- [What you have to do]: Could you write out the line containing "Ein modernes Schlafzimmer" and all the lines below it in the data, exactly, through the final one and nothing else?

-=-=-

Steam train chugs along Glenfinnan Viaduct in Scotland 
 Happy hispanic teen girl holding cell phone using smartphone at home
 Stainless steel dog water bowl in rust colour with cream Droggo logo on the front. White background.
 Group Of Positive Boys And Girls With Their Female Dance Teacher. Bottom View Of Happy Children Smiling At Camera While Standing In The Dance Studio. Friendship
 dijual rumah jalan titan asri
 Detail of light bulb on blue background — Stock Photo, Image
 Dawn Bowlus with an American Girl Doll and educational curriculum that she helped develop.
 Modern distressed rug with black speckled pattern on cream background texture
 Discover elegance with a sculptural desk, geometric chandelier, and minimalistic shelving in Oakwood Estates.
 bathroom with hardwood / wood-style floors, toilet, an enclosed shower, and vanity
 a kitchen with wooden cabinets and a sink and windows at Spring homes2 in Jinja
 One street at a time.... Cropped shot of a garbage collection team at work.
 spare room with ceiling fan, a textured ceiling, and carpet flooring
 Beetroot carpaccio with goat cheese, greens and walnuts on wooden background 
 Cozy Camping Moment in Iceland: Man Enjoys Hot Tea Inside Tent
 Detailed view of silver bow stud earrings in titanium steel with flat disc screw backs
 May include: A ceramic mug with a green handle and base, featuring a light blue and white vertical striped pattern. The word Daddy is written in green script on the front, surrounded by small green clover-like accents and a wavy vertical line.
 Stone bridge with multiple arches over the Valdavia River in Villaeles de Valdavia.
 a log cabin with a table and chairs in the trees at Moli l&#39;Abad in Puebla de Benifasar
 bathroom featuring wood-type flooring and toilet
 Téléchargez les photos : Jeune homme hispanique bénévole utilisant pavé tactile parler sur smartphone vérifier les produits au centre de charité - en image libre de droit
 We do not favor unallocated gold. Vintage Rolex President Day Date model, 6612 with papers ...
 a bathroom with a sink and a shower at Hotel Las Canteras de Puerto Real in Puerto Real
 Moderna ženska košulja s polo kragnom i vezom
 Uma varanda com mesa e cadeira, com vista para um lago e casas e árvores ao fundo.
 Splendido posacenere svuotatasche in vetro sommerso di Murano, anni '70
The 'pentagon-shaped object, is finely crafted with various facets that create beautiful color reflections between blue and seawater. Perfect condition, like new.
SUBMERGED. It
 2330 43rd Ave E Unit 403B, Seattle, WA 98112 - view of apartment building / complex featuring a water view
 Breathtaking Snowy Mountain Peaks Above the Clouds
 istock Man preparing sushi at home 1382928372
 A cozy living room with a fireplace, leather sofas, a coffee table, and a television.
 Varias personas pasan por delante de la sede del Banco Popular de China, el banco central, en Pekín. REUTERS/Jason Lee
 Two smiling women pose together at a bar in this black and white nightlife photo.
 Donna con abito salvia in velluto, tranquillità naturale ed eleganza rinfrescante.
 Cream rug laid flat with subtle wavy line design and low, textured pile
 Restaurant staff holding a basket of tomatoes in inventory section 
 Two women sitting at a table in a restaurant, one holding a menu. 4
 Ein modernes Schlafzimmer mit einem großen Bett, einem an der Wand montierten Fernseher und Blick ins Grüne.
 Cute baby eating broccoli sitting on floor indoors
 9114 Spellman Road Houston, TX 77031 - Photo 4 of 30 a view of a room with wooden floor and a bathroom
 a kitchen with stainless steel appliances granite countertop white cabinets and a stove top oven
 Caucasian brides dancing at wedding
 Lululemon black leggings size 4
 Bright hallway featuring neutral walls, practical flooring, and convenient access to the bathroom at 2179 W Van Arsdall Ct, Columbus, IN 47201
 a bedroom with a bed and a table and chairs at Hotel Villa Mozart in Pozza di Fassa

-=-=-

- [Response]:
 Ein modernes Schlafzimmer mit einem großen Bett, einem an der Wand montierten Fernseher und Blick ins Grüne.
 Cute baby eating broccoli sitting on floor indoors
 9114 Spellman Road Houston, TX 77031 - Photo 4 of 30 a view of a room with wooden floor and a bathroom
 a kitchen with stainless steel appliances granite countertop white cabinets and a stove top oven
 Caucasian brides dancing at wedding
 Lululemon black leggings size 4
 Bright hallway featuring neutral walls, practical flooring, and convenient access to the bathroom at 2179 W Van Arsdall Ct, Columbus, IN 47201
 a bedroom with a bed and a table and chairs at Hotel Villa Mozart in Pozza di Fassa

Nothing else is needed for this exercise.